# WHAT YOU WILL DO:
Each line of the data must be given back verbatim, with pictures removed.

*** RECORDS SUPPLIED ***

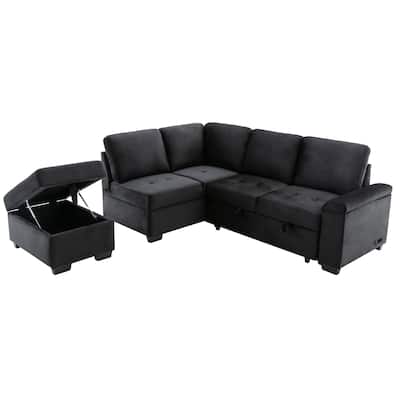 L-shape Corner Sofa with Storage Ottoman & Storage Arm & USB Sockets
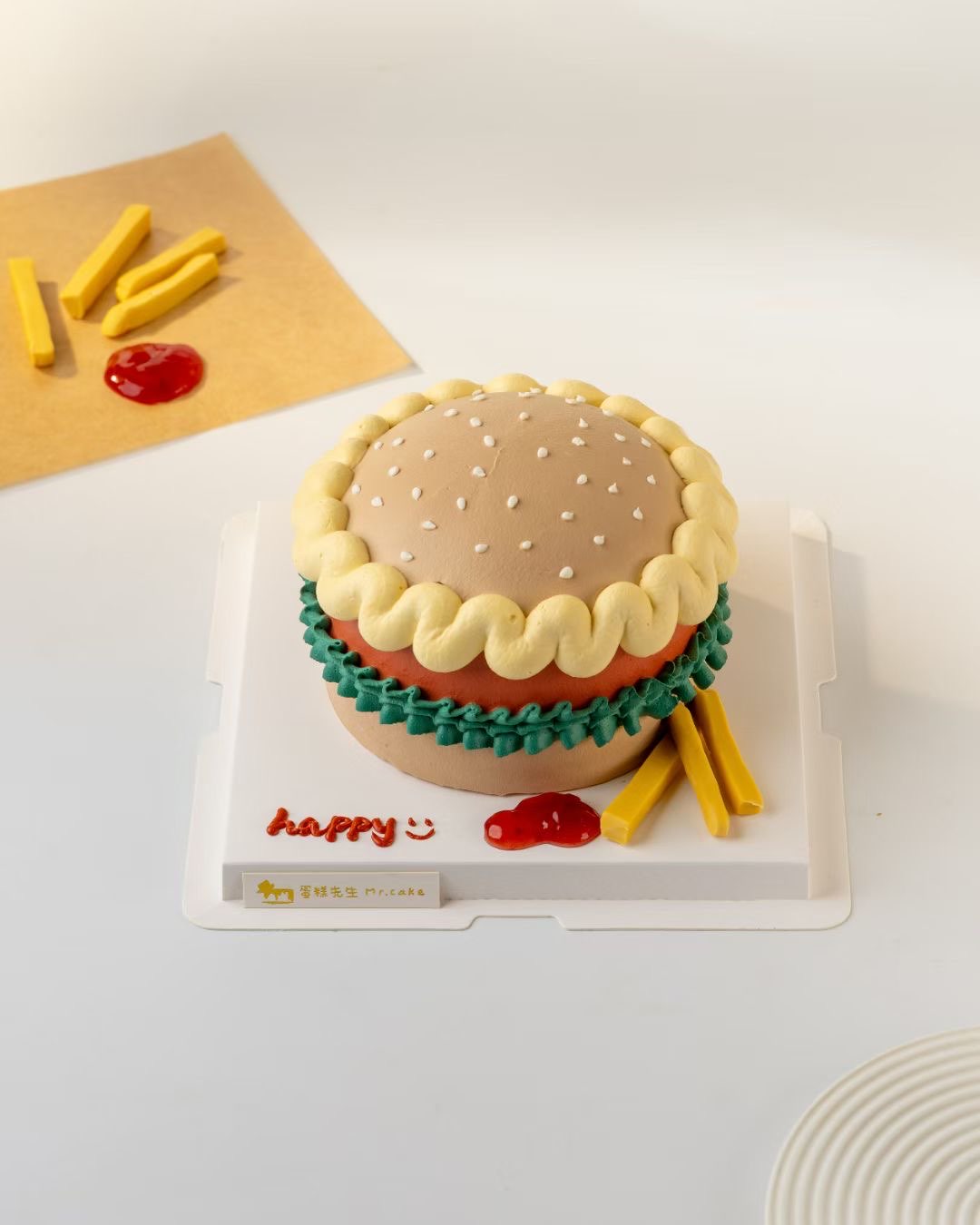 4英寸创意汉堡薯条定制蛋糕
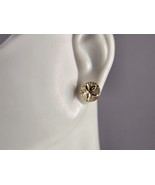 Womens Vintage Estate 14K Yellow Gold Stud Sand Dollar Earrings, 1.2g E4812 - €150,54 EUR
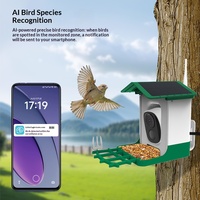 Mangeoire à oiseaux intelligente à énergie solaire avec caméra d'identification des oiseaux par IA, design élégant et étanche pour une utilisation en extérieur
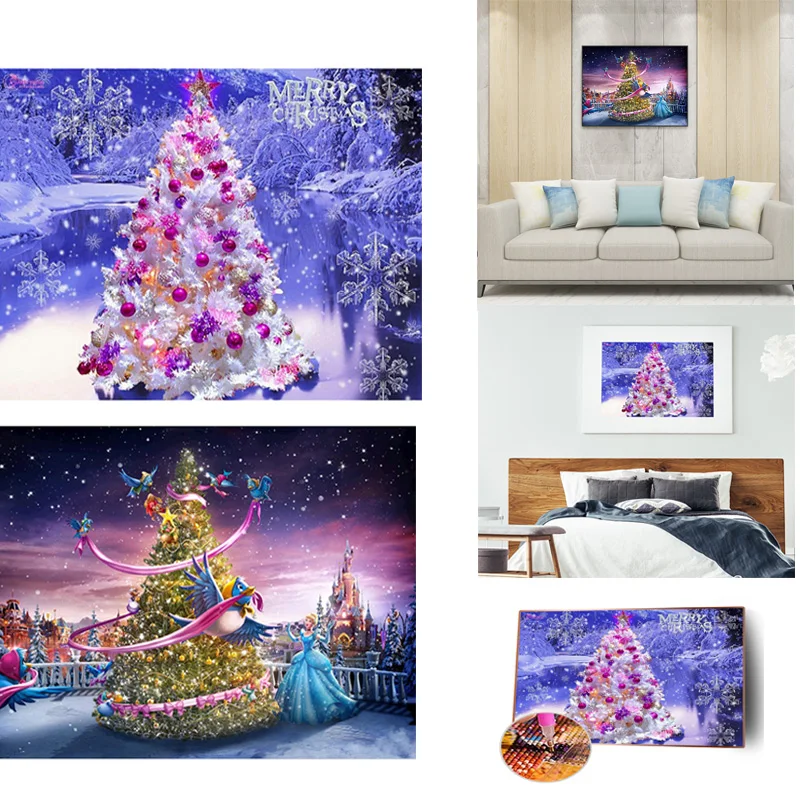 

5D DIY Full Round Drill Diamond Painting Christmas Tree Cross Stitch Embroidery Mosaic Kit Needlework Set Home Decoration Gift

*** End of RECORDS SUPPLIED ***

# ANSWER TO THIS TASK:
 L-shape Corner Sofa with Storage Ottoman & Storage Arm & USB Sockets
 4英寸创意汉堡薯条定制蛋糕
 Womens Vintage Estate 14K Yellow Gold Stud Sand Dollar Earrings, 1.2g E4812 - €150,54 EUR
 Mangeoire à oiseaux intelligente à énergie solaire avec caméra d'identification des oiseaux par IA, design élégant et étanche pour une utilisation en extérieur

5D DIY Full Round Drill Diamond Painting Christmas Tree Cross Stitch Embroidery Mosaic Kit Needlework Set Home Decoration Gift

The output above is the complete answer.